▶ [Activity]
If you see a picture in the data below, omit it and copy the rest exactly.

BEGIN Dataset content

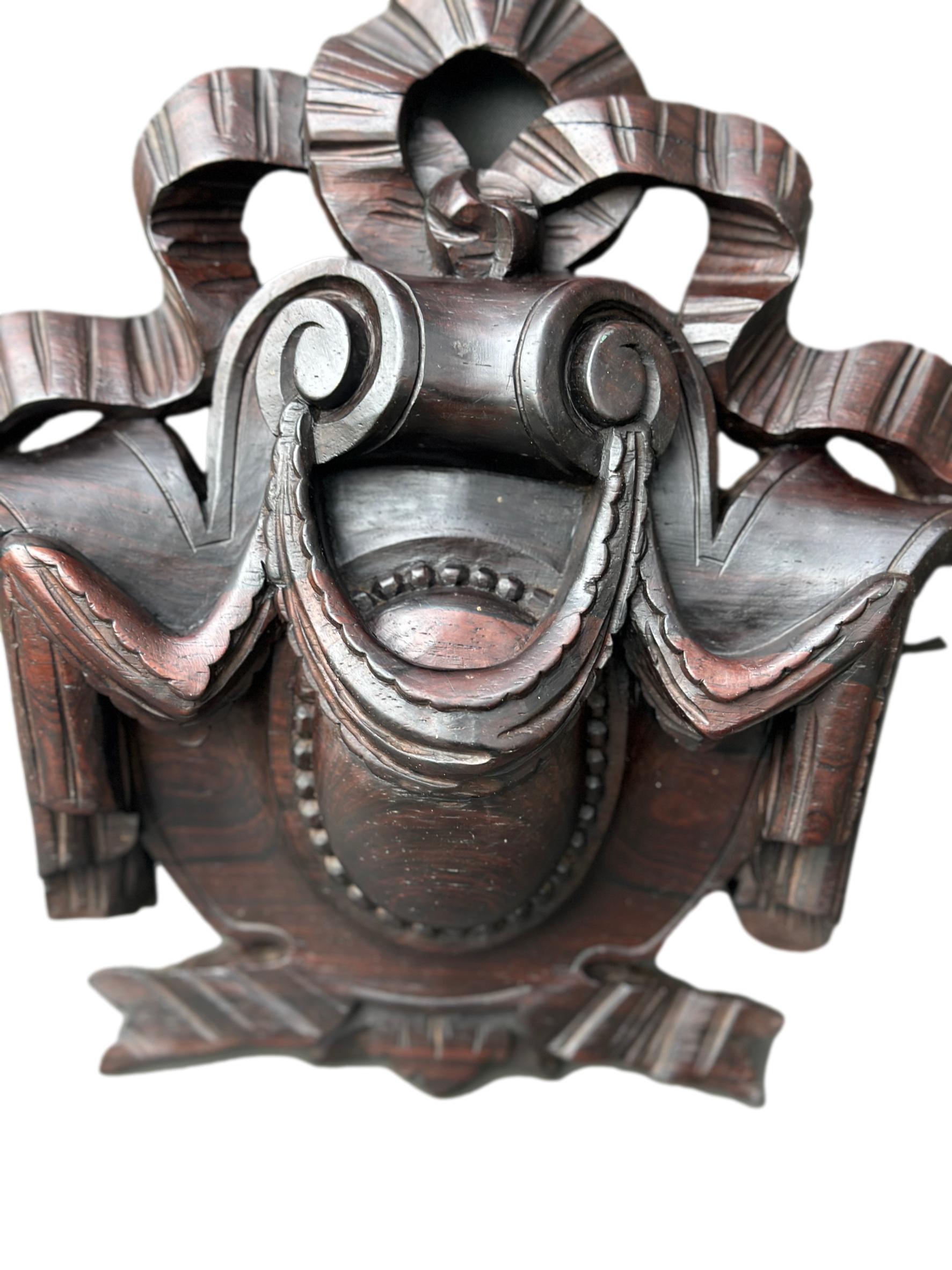 ルイ16世様式の紋章ペディメント、フランスのアンティーク手彫り木製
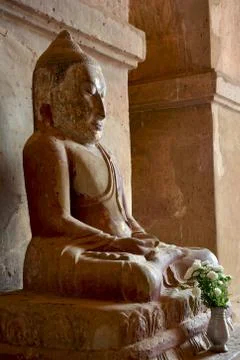 Ancient Buddha statue inside Dhammayan largest buddhist temple in Bagan, My.. Stock Photos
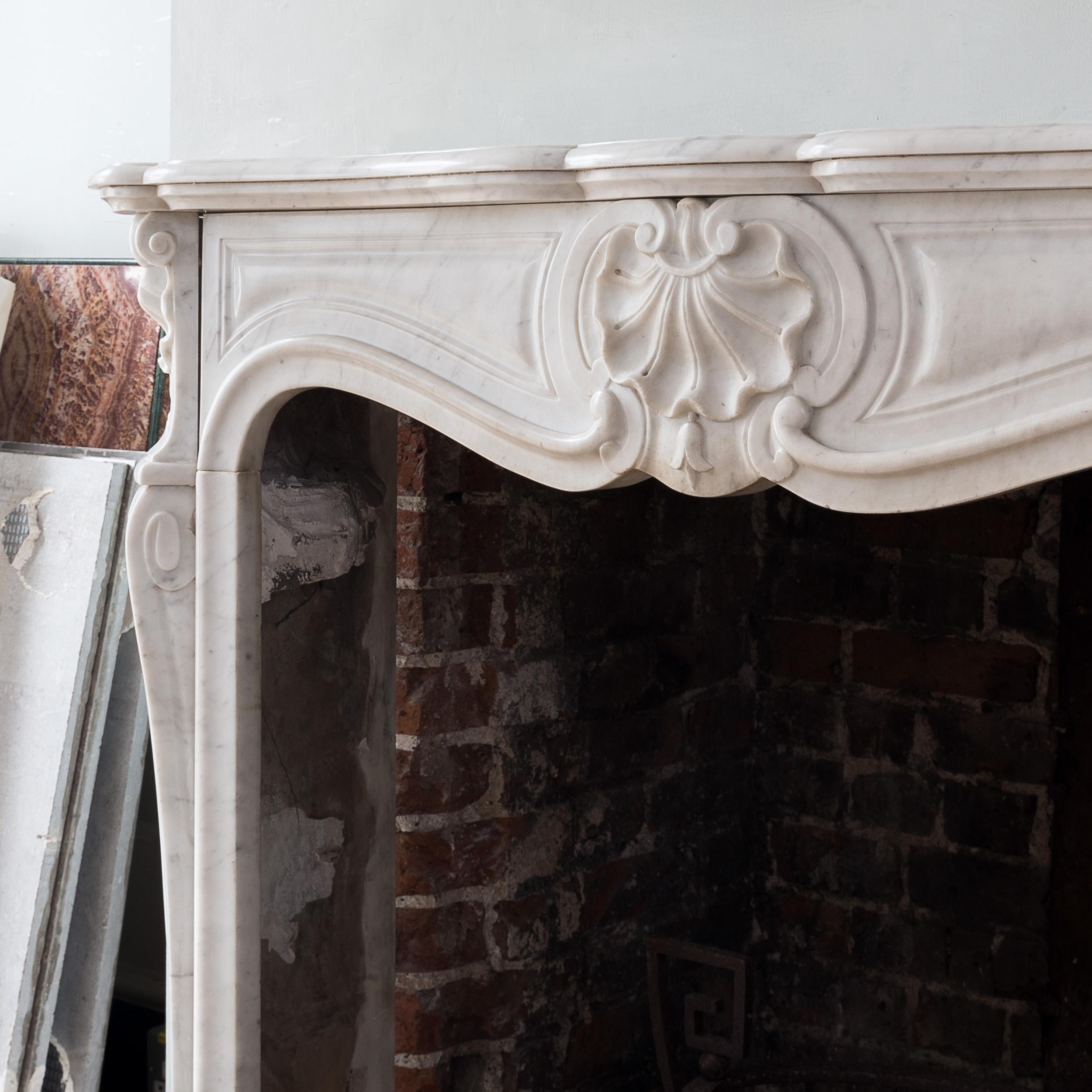 19th Century Pompadour Fireplace In Good Condition In London, GB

END Dataset content

▶ [Exercise answer]
 ルイ16世様式の紋章ペディメント、フランスのアンティーク手彫り木製
 Ancient Buddha statue inside Dhammayan largest buddhist temple in Bagan, My.. Stock Photos
 19th Century Pompadour Fireplace In Good Condition In London, GB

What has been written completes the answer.